Валентине стало не по себе. Она жадно обшарила глазами забинтованную женщину. Решительно наклонилась и встала. Прошла несколько шагов. По крайней мере, ноги у нее ходят, руки двигаются, голова не болит. Вздохнув с облегчением, Валентина вновь уселась в коляску и решила посидеть тут еще, чтобы выяснить, действительно ли эта странная пара приехала рожать и какое участие в этом собирается предпринять сильно поврежденный муж.
Минут через пятнадцать пришла женщина в одежде медперсонала, наклонилась к Валентине и доверительно прошептала:
— А что мы тут сидим, такие инвалидные? А почему мы не идем в палату? Что у нас болит?
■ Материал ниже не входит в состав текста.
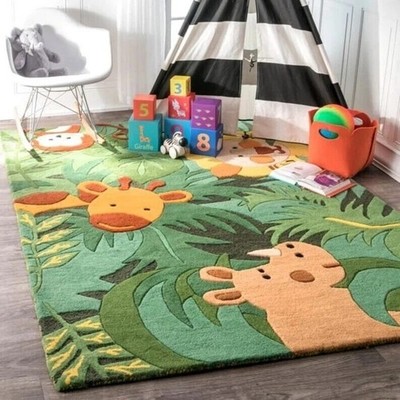 Hand Tufted Wool Area Rug Green Kids Animal Safari Handmade 8x10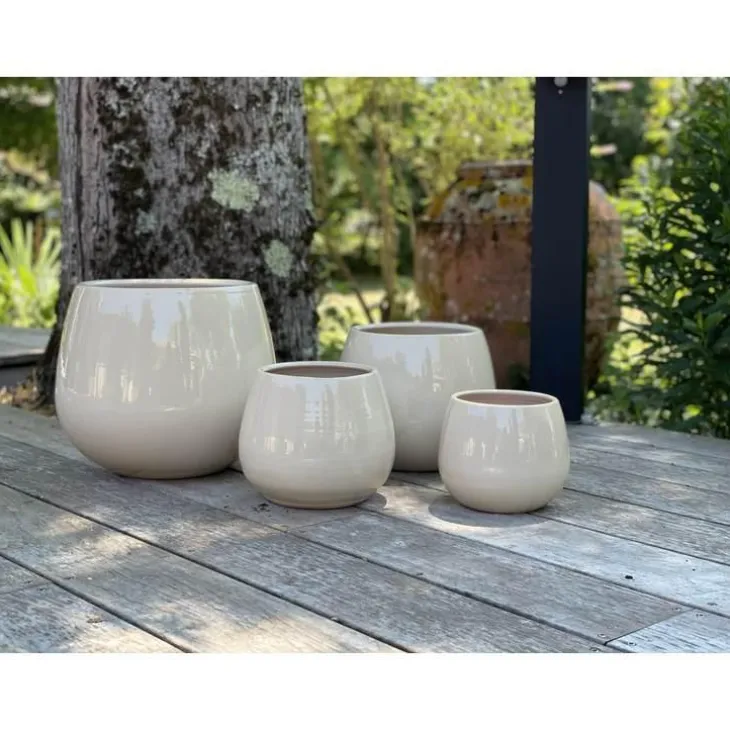 Pot coloris beige en terre émaillée Cancale - Ø 25 cm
— Ничего не болит, — пожала плечами Валентина. — Но кто-то же меня посадил в эту коляску…
— Я и посадила, — осклабилась женщина с беспокойными зелеными глазами. — Уже можете встать и идти. Скоро ужин.
После чего, потеряв всякий интерес к Валентине, она открыла дверь с надписью «Перевязочная» и вкатила туда коляску с забинтованной женщиной. Мужчина посмотрел на Валентину и вдруг изобразил мощнейшую по исполнению улыбку. Валентина несколько растерялась. В сочетании с гипсом под подбородком и нашлепкой на его голове улыбка получилась устрашающе нелепой и совершенно беззащитной.
— Все будет хорошо, — попробовала было улыбнуться в ответ Валентина, но неожиданно для себя всхлипнула и закрыла лицо ладонями.
Из-за этой дикой улыбки мужчины она решила не уходить. Прошла несколько шагов туда-сюда по коридору и определила, что лучшая слышимость получается у самой двери на расстоянии не более полуметра от нее. Понимая, что, стоя на таком расстоянии от двери, она обязательно привлечет чье-то внимание, Валентина быстренько подкатила коляску, села в нее и откинула голову на спинку, закрыв глаза.
Валентина сразу узнала из-за двери голос мамы Муму, что было вполне естественно — она же здесь главная.
Минуты через две напряженного разговора и даже странных истерических выкриков в перевязочную, осторожно обойдя затаившуюся в коляске Валентину, вошел мужчина в дорогом костюме, который он впопыхах прикрыл белым халатом. И сразу же за ним — прыщавый юноша в замызганной одежде медбрата. Юноша выскочил, торопясь, через полминуты.
Теперь голоса за дверью стали намного громче. Мама Муму призывала адвоката напомнить пациентам некоторые пункты договора. Англичанка кричала что-то в ответ, ее муж переводил на ломаном русском, его перебивала женщина с беспокойными глазами.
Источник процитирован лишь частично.